Copy the data exactly; pictures stay out of the copy.

[Short web captions]
──────────

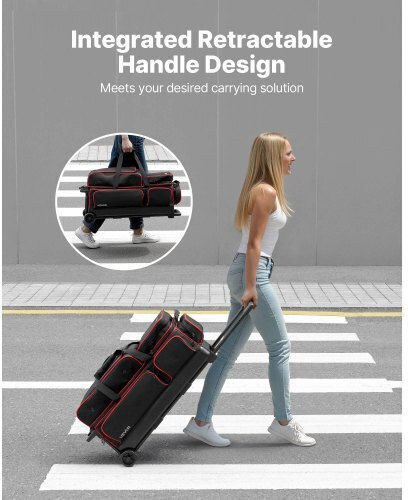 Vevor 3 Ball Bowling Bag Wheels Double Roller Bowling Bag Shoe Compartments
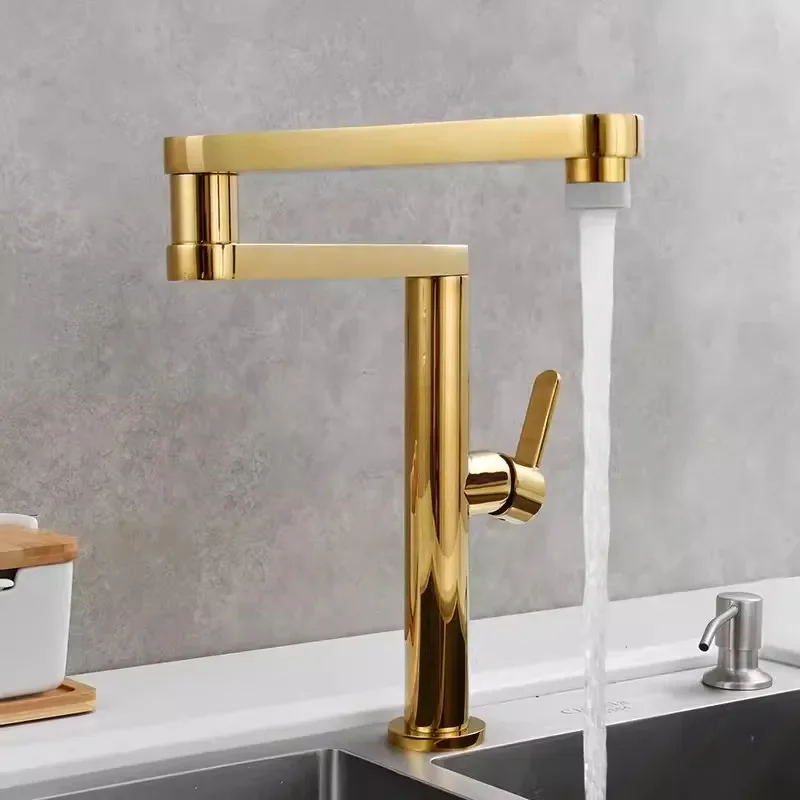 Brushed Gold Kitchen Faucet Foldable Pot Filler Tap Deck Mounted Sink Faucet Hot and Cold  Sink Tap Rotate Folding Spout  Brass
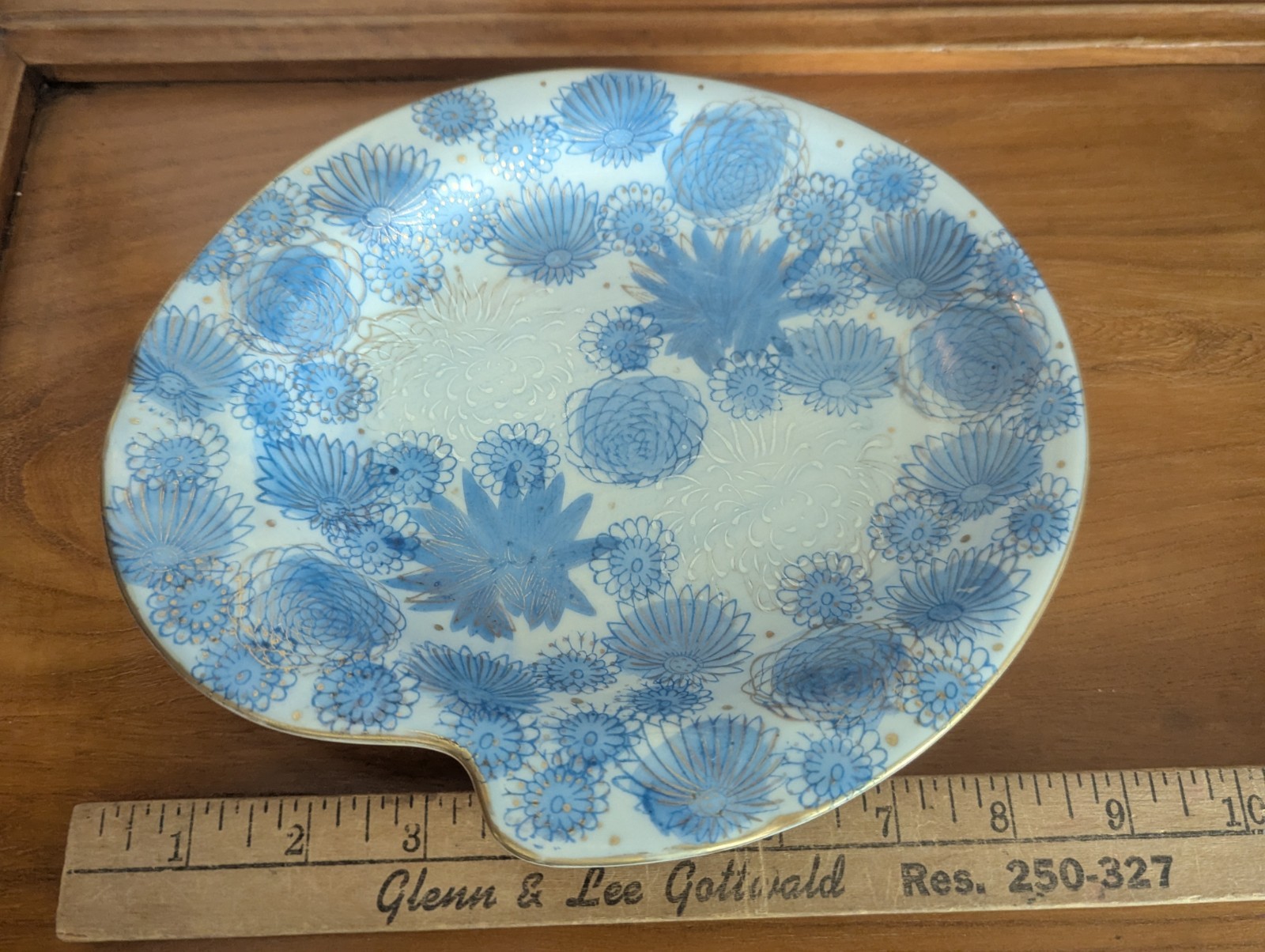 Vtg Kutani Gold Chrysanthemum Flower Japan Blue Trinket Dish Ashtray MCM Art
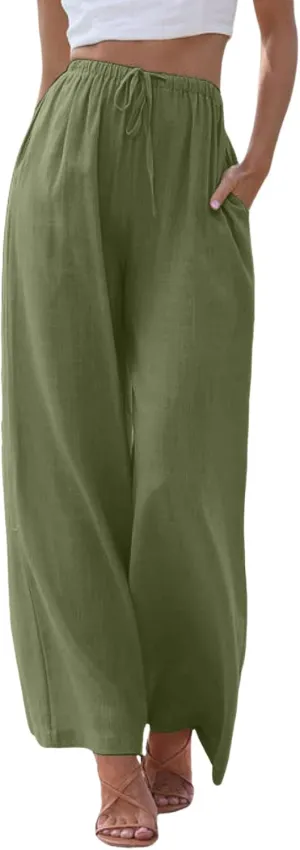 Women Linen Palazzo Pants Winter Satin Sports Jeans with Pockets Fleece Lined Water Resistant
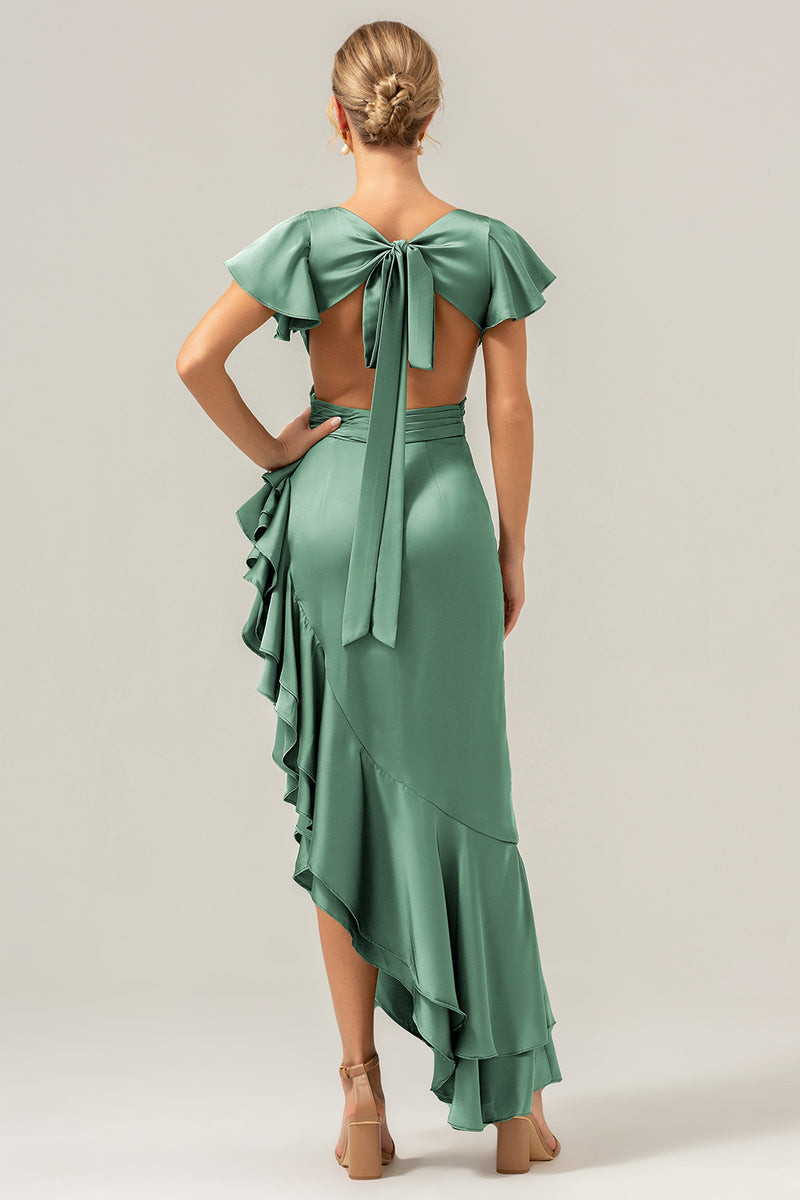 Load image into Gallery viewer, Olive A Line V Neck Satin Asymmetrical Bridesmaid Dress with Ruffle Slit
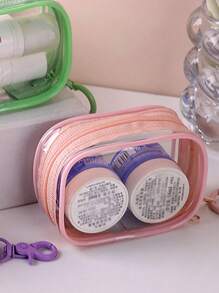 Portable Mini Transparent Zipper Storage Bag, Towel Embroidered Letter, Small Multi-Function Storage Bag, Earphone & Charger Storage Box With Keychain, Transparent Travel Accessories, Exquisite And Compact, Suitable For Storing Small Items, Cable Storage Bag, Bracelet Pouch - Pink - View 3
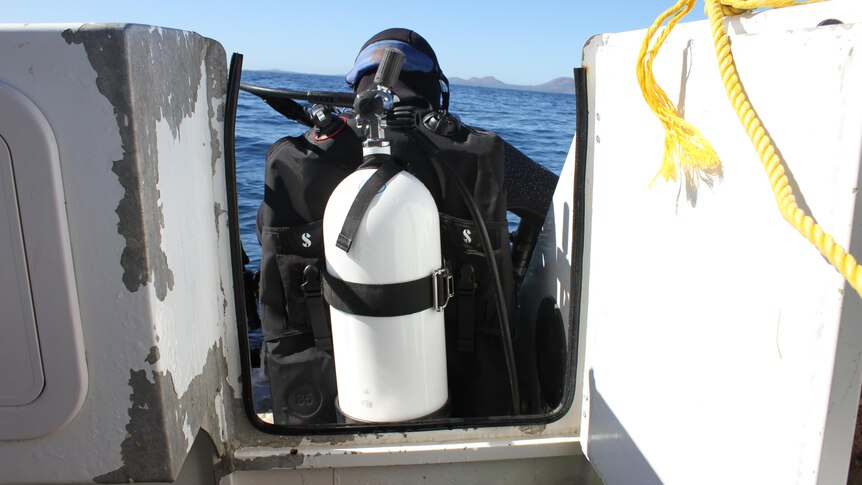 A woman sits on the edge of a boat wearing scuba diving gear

──────────

Answer below:
 Vevor 3 Ball Bowling Bag Wheels Double Roller Bowling Bag Shoe Compartments
 Brushed Gold Kitchen Faucet Foldable Pot Filler Tap Deck Mounted Sink Faucet Hot and Cold  Sink Tap Rotate Folding Spout  Brass
 Vtg Kutani Gold Chrysanthemum Flower Japan Blue Trinket Dish Ashtray MCM Art
 Women Linen Palazzo Pants Winter Satin Sports Jeans with Pockets Fleece Lined Water Resistant
 Load image into Gallery viewer, Olive A Line V Neck Satin Asymmetrical Bridesmaid Dress with Ruffle Slit
 Portable Mini Transparent Zipper Storage Bag, Towel Embroidered Letter, Small Multi-Function Storage Bag, Earphone & Charger Storage Box With Keychain, Transparent Travel Accessories, Exquisite And Compact, Suitable For Storing Small Items, Cable Storage Bag, Bracelet Pouch - Pink - View 3
 A woman sits on the edge of a boat wearing scuba diving gear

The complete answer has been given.